BRECKENRIDGE – If there’s one thing the Breckenridge Town Council candidates have in common, it’s their love of the historic mining town.

That’s why it makes it so hard to separate them out on other issues, because caring about the town means caring about affordable housing, child care, water supplies, fiscal responsibility, business vitality, the relationship between the ski area and the town, open space, transportation, marketing, special events, Breckenridge’s long-term vision – all those things that add up to a good quality of life in the High Country.

Nine candidates – counselor Mary Augustyn, incumbent and Colorado Mountain College accountant Jim Lamb, Grand Timber Lodge co-owner Rob Millisor, restaurateur Eric Mamula, TV host Jeffrey Bergeron, real estate broker Carol Rockne, professional project manager Dave Cook, sporting goods store manager Chris Kulick and property manager Ron Schuman – are vying for three seats.



Councilmember Ernie Blake is running uncontested for the mayoral seat.

Despite all their similarities, the nine do stand out on different issues.



Cook believes that providing affordable housing is the best way to create a viable business community by helping those who work here to live here.

He suggested allowing deed-restricted homeowners the right to sell their properties so the town could recoup its “invisible equity” and pool money – up to $82 million by his estimates – to help others buy homes.
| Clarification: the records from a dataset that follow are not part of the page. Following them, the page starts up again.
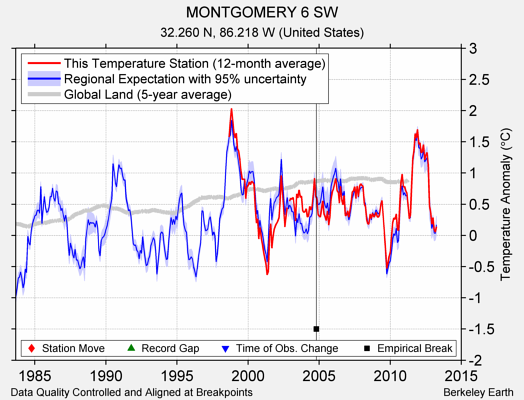 MONTGOMERY 6 SW comparison to regional expectation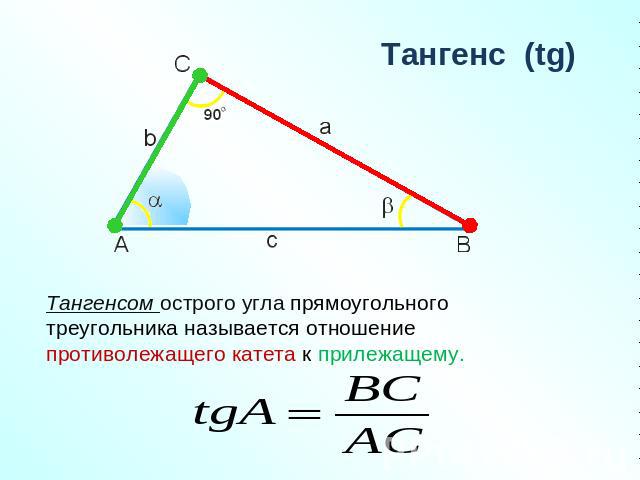 Тангенсом острого угла прямоугольного треугольника называется отношение противолежащего катета к прилежащему.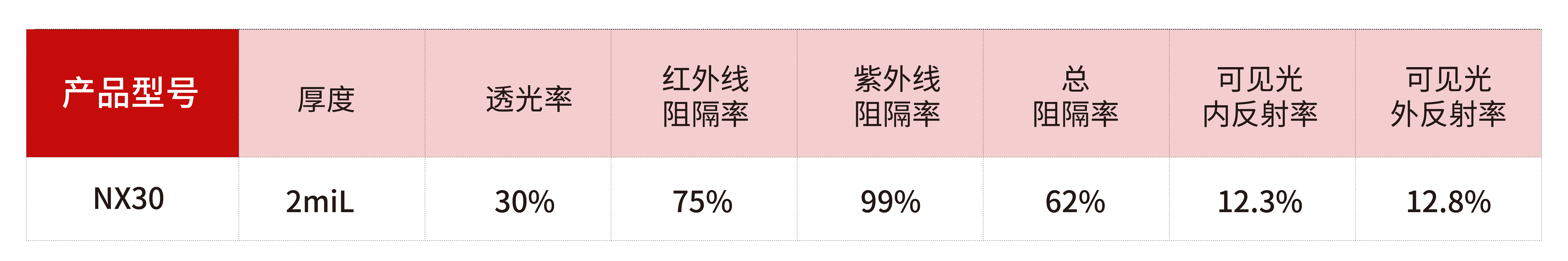 NEXFIL参数产品30种-27.jpg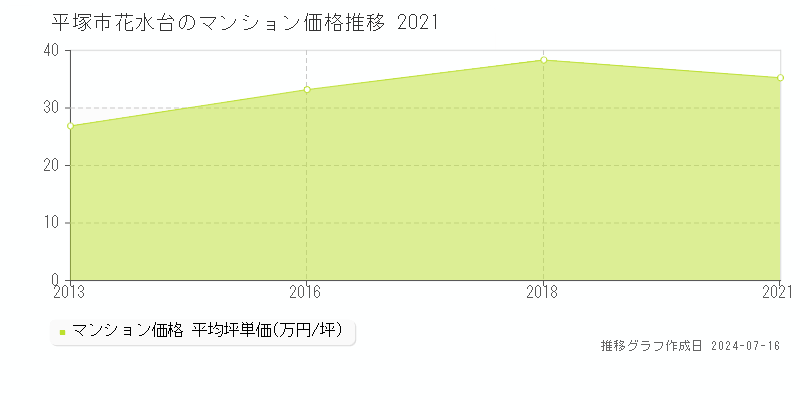平塚市花水台のマンション価格推移グラフ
Lamb is running a campaign based on continuing the efforts of the current council, including its environmental programs, capturing water to which the town has rights but has let run downstream, maintaining good relations with the ski area and strengthening the Breckenridge Resort Chamber (BRC).

Augustyn said she wants to help small business owners and fight on behalf of domestic violence victims to make Breckenridge a safer town.

Mamula said he wants to grow the town’s business base by diversifying business, and continue with the town’s open space efforts and address children’s’ issues.

Rockne cites her long history in town – and the time she now has to devote to it – as major criteria for her being elected.

She, too, wants to do something to support small businesses that are challenged to keep their heads above water.

Kulick, at 28 the youngest candidate, touts his age as a means to bring younger people into the political process.

Schuman said he thinks the next council should look at the way Mountain Village adjacent to Telluride allows its second homeowners to vote on town issues, work toward getting the town and ski resort’s marketing plans on the same page and generate energy to revitalize downtown.

Millisor, a board member of the Breckenridge Resort Chamber, feels the organization does well on its limited marketing resources – a $1.1 million investment that generates $6.7 million worth of exposure. But the BRC needs more, he said, to bring its destination visitors back.

Bergeron is fighting for the common man, he said, adding that Breckenridge needs to maintain its position as a town that can take a “waiter and turn him into a homeowner.”

He also wants to keep Breckenridge the way it is, and that doesn’t involve four-laning Highway 9.

Citizens registered to vote in Breckenridge can vote at the town hall from 7 a.m. to 7 p.m. April 6.